Stargate: Summit. Not as bad as I'd read. I was quite enjoying the show again, but hey, consider what I watch for pleasure these days J. I thought the picture of Sha're on Daniel's desk was a nice touch. He'd been looking at it, so you know why he decided to do it - it was a revenge thing. I adored Jacob calling him Danny. Oh yeah, the kid's been adopted (as the daughter Jacob always wanted). Just when Aldwin and the new Lt become interesting, they kill them off. Typical, but even the Great Joss is guilty of this one. Daniel in the regrettable slave outfit - oh yeah, I'm mourning the lost gold g-string opportunities here. Sam's obviously upset over the fate of Martouf - yay Sam. She's human again. Kudos to Mandy for wringing everything she could from the script. Jack - the grumpy old man routine just ain't working for me, sorry. Teal'c - part of the furniture, as usual. Not a bad episode. Not subtle, but hell, compared to Attack of The Clones, it's comparable, and for a cheap cable tv show, that's not bad. I really liked the idea of Danny going to war for one love, and fucking up for another. Poor boy. His sex life is almost as fucked up as Sam's. Maybe more so.
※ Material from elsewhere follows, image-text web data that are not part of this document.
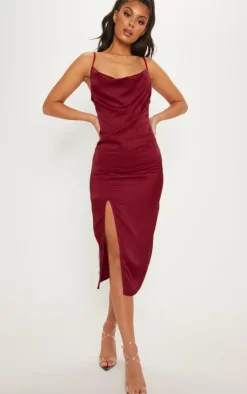 Strappy Satin Cowl Midi Dress-PrettyLittleThing Discount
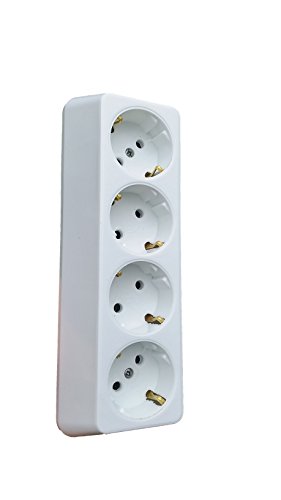 NEU 4-fach Aufputz Steckdose Hergestellt im EU Mehrachstecker Steckdosenleiste 4 Steckdosen Aufputz Koppler Ohne Kabel (4-Fach, Weiß) von Nordborn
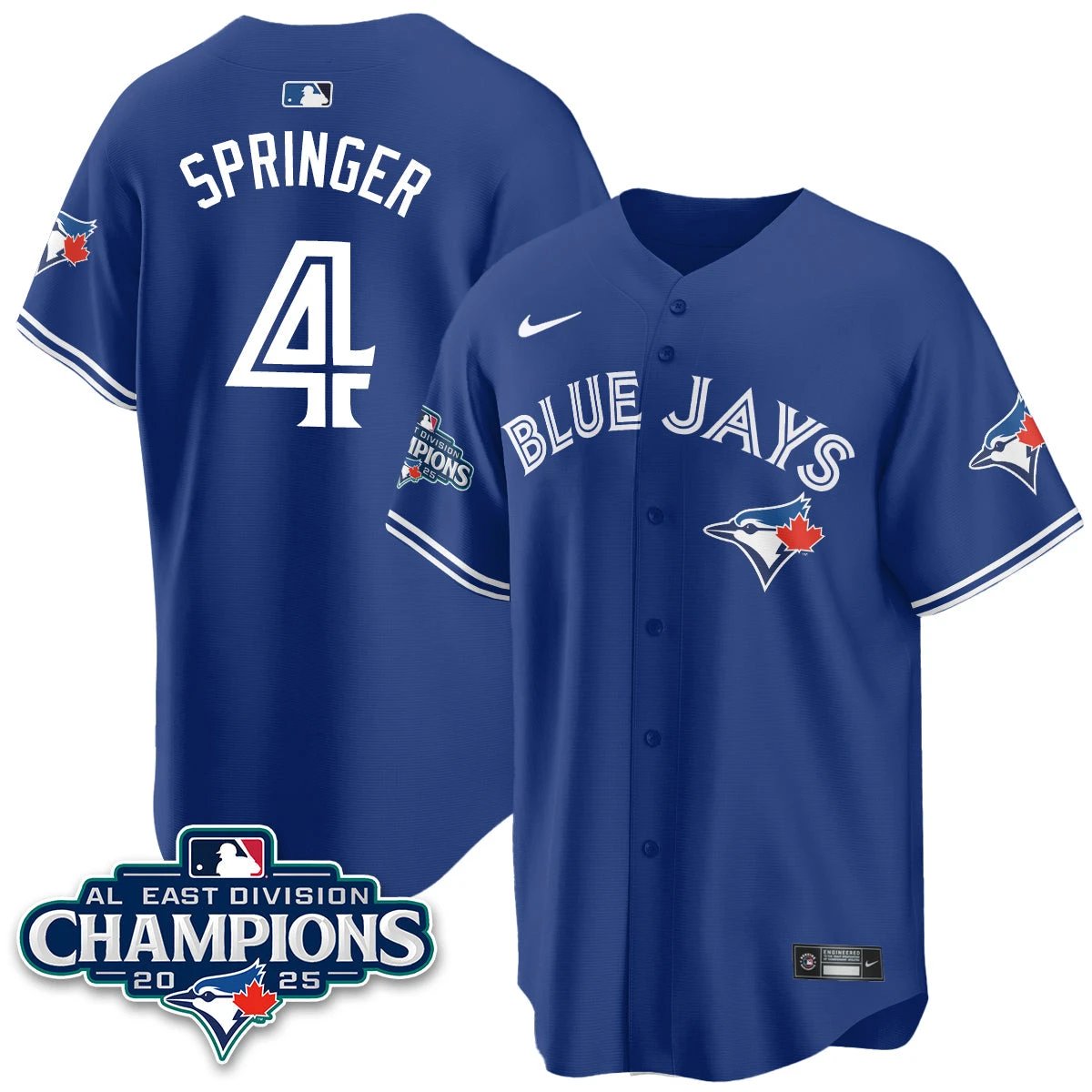 Toronto Blue Jays AL East Division Champions Jersey - All Stitched by Toronto Blue Jays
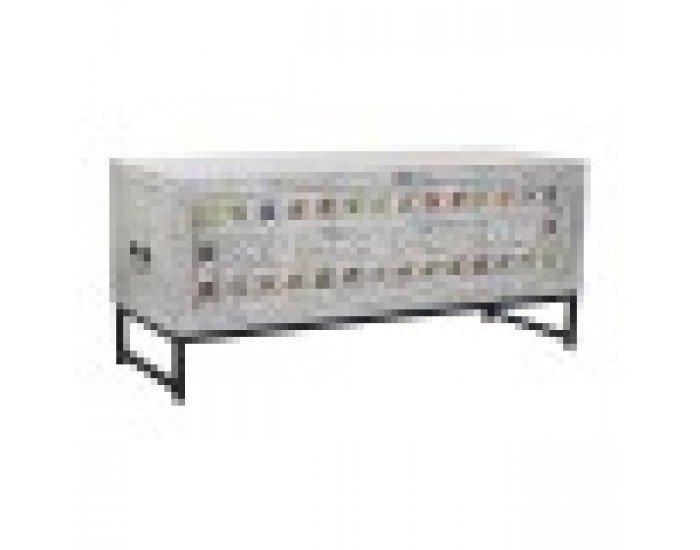 Сандък DKD Home Decor Керамика Сив Бял Дърво манго (116 x 40 x 50 cm)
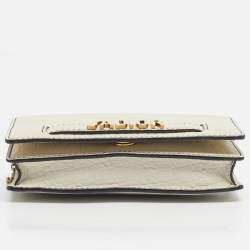 Pre Owned Dior Off -White Leather J'adior Wallet on Chain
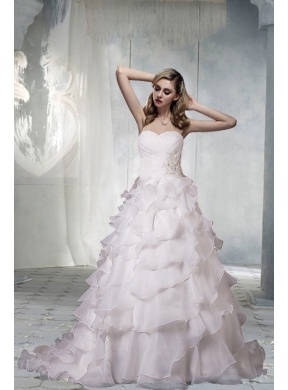Classical Court Train A Line Wedding Dress with Appliques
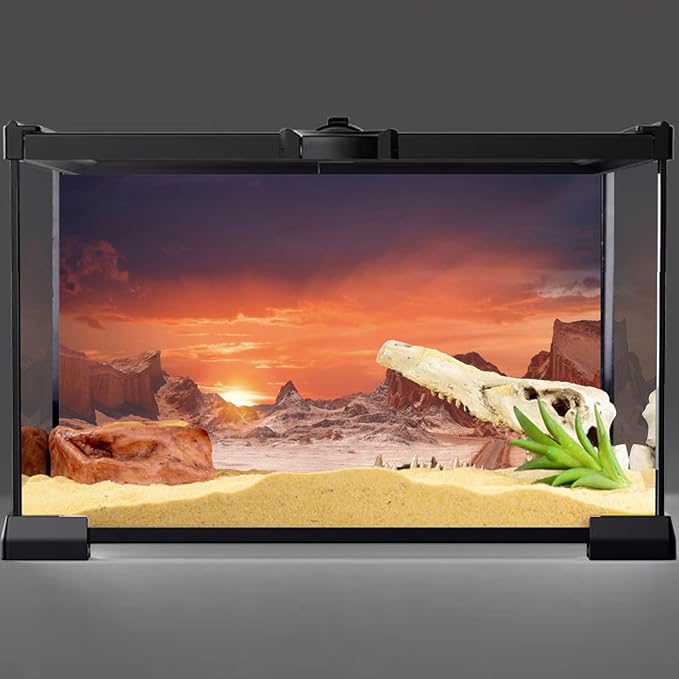AWERT 72x18 inches Sun and Desert Terrarium Background Orange Reptile Habitat Background Durable Polyester Background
And now, my Munchkin (SVU), still dressing like it's 1979. Bless.
Stargate: Cold Lazarus. Phallic blue crystals, Abyss riffs, Jack angst. I really like this one. Jack as a fully rounded human being. Jack with a history. Jack actually showing emotions. Daniel gloating over being the font of all Jack gossip. Jack actually having chemistry with a female lead. Sam and Danny playing like children. What's not to love. God, I miss this show. It had its moments.
Friday: The Biehn Project
The last of the local vid shop's Biehn supply. Whimper. First up: Rampage. Shocking scenes, warns the video cover. Yeah right. I await my shocking scenes but like an STA bus, they never arrive. After years of watching Silent Witness, McCallum, Profiler and the X Files, I'm just not that shocked or titilated by the odd body part on screen. I thought it was going to be hunt the serial killer but it was prosecute the serial killer. Only it wasn't even that, either. Bugger the court case, here's the message: the death penalty is wrong. I already don't agree with the dealth penalty (for a variety of reasons, like countries without the death penalty have a much lower homicide rate, 75% of death row inmates have their cases overturned, that sort of thing) so preaching to the choir here, and it was preachy. It made Law & Order look subtle and delicate. Michael is no Sam Waterson, and the bug eyed glasses - just say no. Though he did say no to them, a lot, whipping them off dramatically at the slightest excuse. Nor did his character apparently need them for driving, reading or moping dramatically so perhaps they were just a dorky affectation. Maybe that was why his wife was leaving him - and what a bitch. Biggest case of the poor guy's life and what does she do - support him? No, she makes his life worse by leaving him. Bitch.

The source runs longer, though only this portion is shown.